TASK STATEMENT ::
Write out the listing below without alteration, omitting its pictures.

---------- SUPPLIED MATERIAL ----------

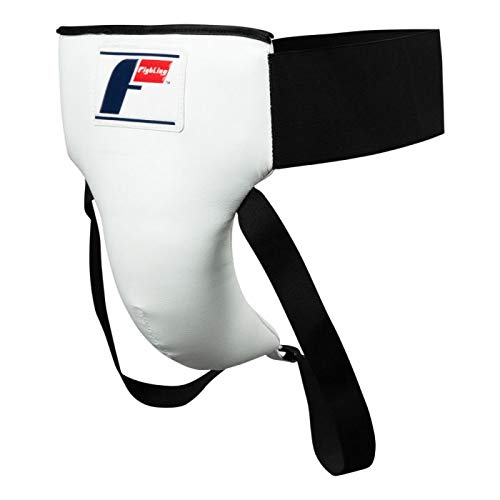 Fighting Groin Ab Protector 2.0 - MMA & Boxing Cup, Groin Guard, Muay Thai Equipment for Men - size: Small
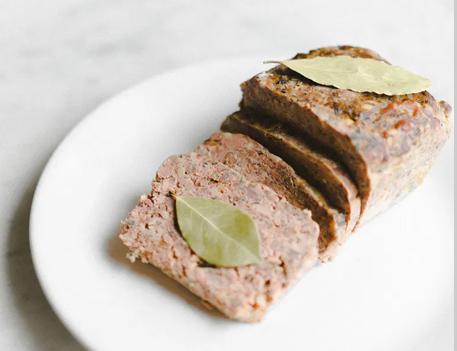 Country pate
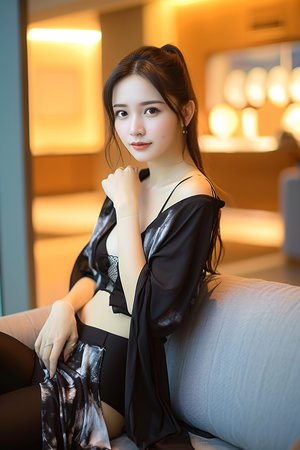 电台女诗岚第1到4部分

----------

EXERCISE SOLUTION ::
 Fighting Groin Ab Protector 2.0 - MMA & Boxing Cup, Groin Guard, Muay Thai Equipment for Men - size: Small
 Country pate
 电台女诗岚第1到4部分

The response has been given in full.